Guillaume Samson1, Florian Lemarié2, Théo Brivoal1, Romain Bourdalle-Badie3, Herve Giordani4 and Gurvan Madec5, (1)Mercator Ocean, Ramonville-Saint-Agne, France, (2)Univ. Grenoble Alpes, Inria, Grenoble, France, (3)Mercator Ocean International, Ramonville Saint-Agne, France, (4)CNRM-GAME, Toulouse Cedex 01, France, (5)LOCEAN-IPSL, Paris, France
High-resolution ocean-atmosphere coupled models are able to realistically simulate air-sea interactions taking place at mesoscale between ocean eddies and fronts, and the lower atmosphere. These coupled processes have the potential to improve oceanic simulations by modulating wind work input and turbulent heat fluxes. However, the computational cost and the complexity of such coupled models is prohibitive and inadequate in the context of global eddying oceanic simulations.

Here, we propose an alternative approach based on a one-dimensional vertical atmospheric boundary layer (ABL) model driven by large-scale atmospheric data (forecasts or reanalysis).
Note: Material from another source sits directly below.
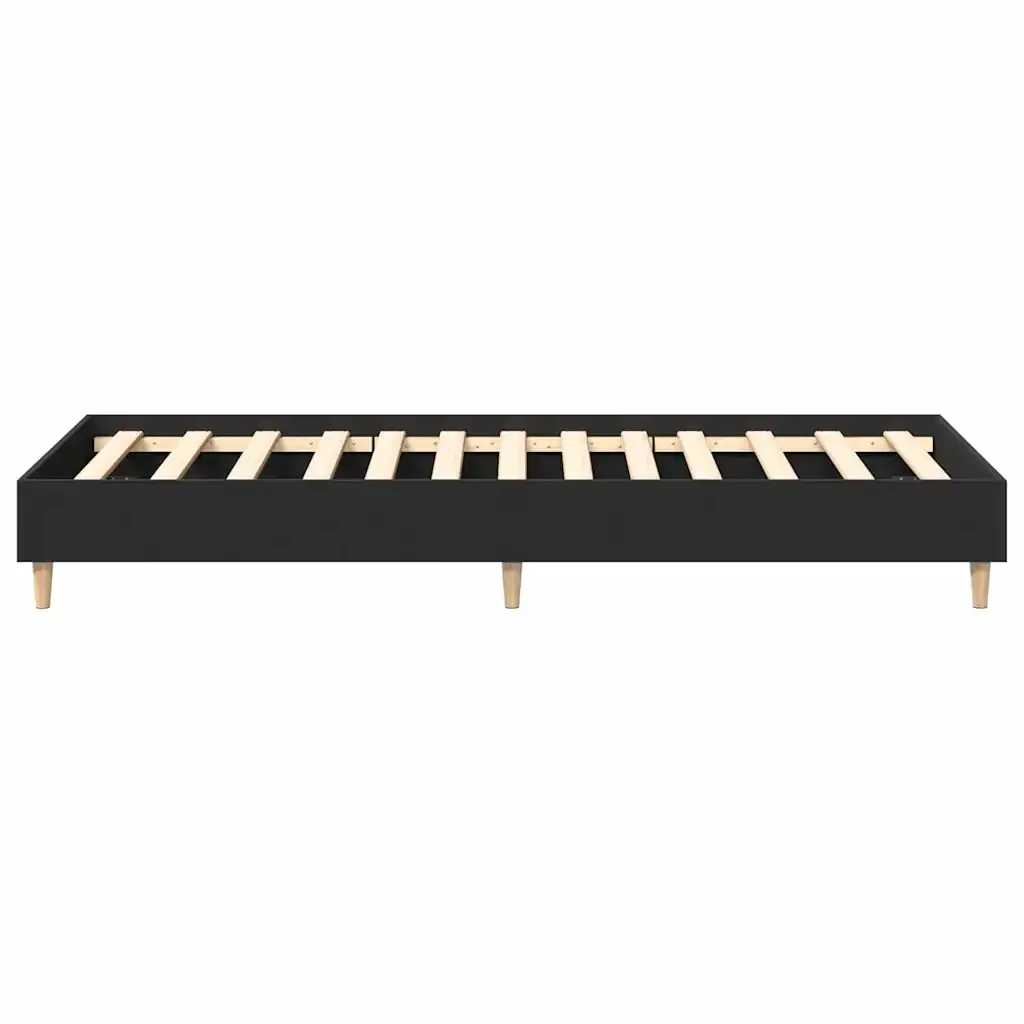 Letto singolo | Letto per adulti | Giroletto senza Materasso Nero 75x190 cm in Legno Multistrato - Image 6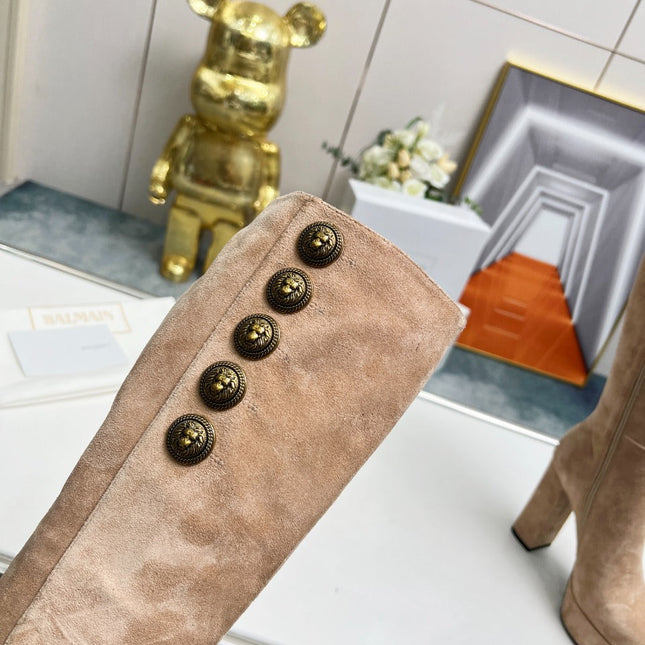 BALMAIN 26S HIGH BOOTS 115 MM IN WARM BEIGE SUEDE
Its limited computational cost and intermediate complexity between a bulk parameterization and a full atmospheric model makes this approach well suited for applications ranging from process studies to global operational oceanography.

First, the ABL model is validated against a set of classic atmospheric testcases such as a SST front. The comparison with analytical or LES solutions indicates a good agreement with the ABL model results.

Then, two realistic configurations based on NEMO ocean model are presented to assess air-sea interactions: a global 1/4° configuration including sea-ice and a regional 1/36° configuration covering western Europe.

We show that the ocean-ABL coupled model produces negative correlations between surface current and wind stress mesoscale curl anomalies (oceanic eddy damping effect), and positive correlations between surface current and wind speed mesoscale curl anomalies (wind adjustment and ocean re-energization effects) in good agreement with literature. We also show that the simulated wind speed positively correlates with SST mesoscale anomalies, as observed with satellite data and classic coupled models.

To summarize, the ocean-ABL coupled model is able to realistically represent mesoscale dynamical and thermal feedbacks while keeping a good consistency with the atmospheric forcing, and with a very limited computational cost (10% of the ocean model). The ABL model will be released with the next NEMO version.